Solr Disaster Recovery

Whether you’re hosting Solr on your own or choosing a hosted provider like Websolr, every search cluster should have a disaster recovery plan.

Websolr was built from the ground up to be a highly available system. We leverage a variety of best practices from the industry to achieve this. Websolr deploys all Solr resources in a multi-node, multi-data center configuration to guarantee that your data is safe and secure.

Websolr utilizes the concept of a slice, rather than an index. A slice represents a collection of cores belonging to an index: those with primary data, and their corresponding replicas. Each Solr core is provisioned on a node in a separate AWS Availability Zone, giving us data center isolation. A Websolr slice could experience a complete loss of a primary AWS data center, and continue to operate. This makes Websolr slices extremely fault-tolerant.

To further improve the High Availability of your index, Websolr deploys all Solr resources behind an AWS Application Load Balancer. This allows you to connect to a singular URL, while a smart proxy routes requests to the best available core.

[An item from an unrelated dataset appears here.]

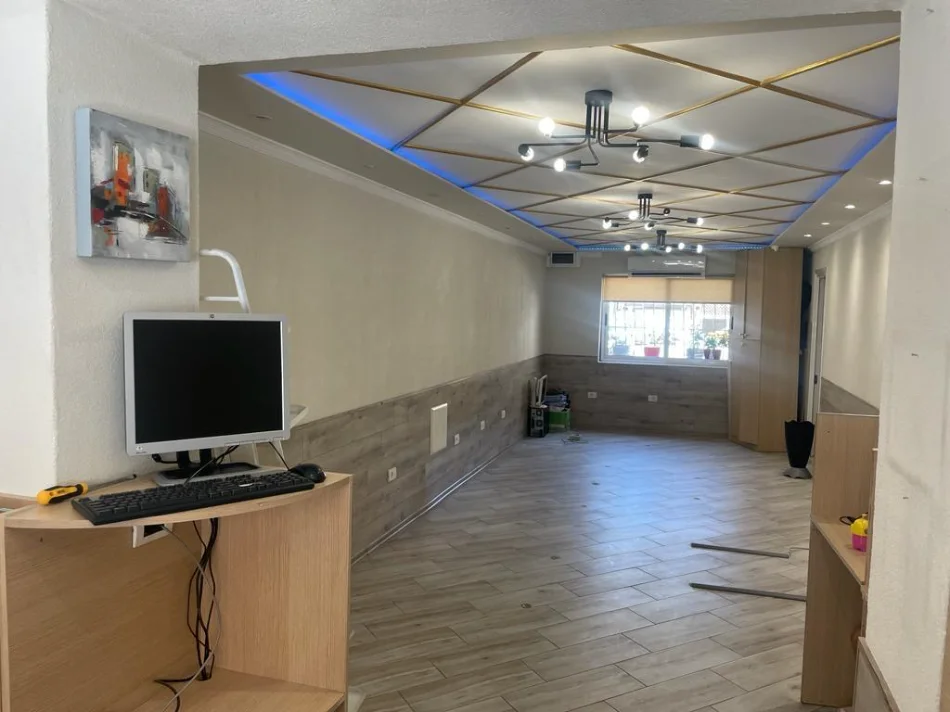 Tirane, shitet ambjent biznesi Kati 0, 42 m² 136.000 € (Vasil Shanto)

When a Websolr slice does experience a node loss, AWS Auto Scaling Groups will immediately begin spinning up the replacement instance that will auto-bootstrap into your configured Solr configuration and version. Once the node has successfully provisioned, Websolr will provision a new shadow replica core on it to replace what was lost.

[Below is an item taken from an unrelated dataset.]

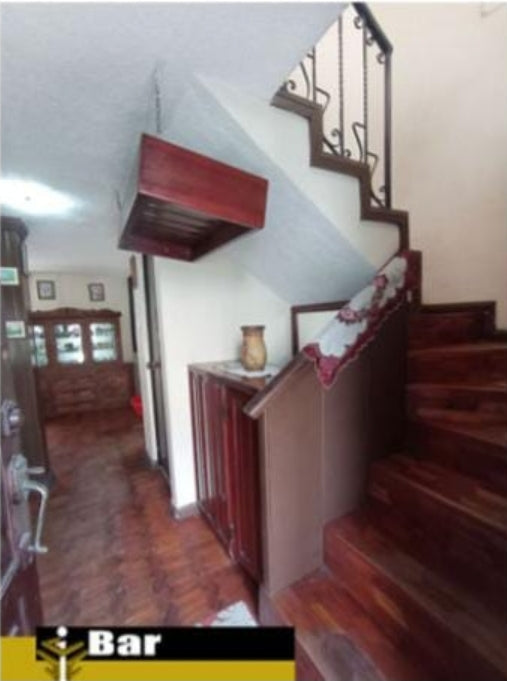 SE VENDE CASA ESQUINERA EN PLENO CENTRO DE CARCELEN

In the off chance that Websolr (and much of the internet with it) experiences an entire loss of an AWS EC2 region, all of your Solr data is backed up to encrypted buckets in AWS’s S3 system, which has a reliability guarantee of 99.99% uptime and 99.999999999% durability. If such a failure happens, Websolr’s staff will work with your team to understand where you will be relocating your application, and can then initiate a restore process into an index in the same AWS Region while maintaining your existing DNS connections.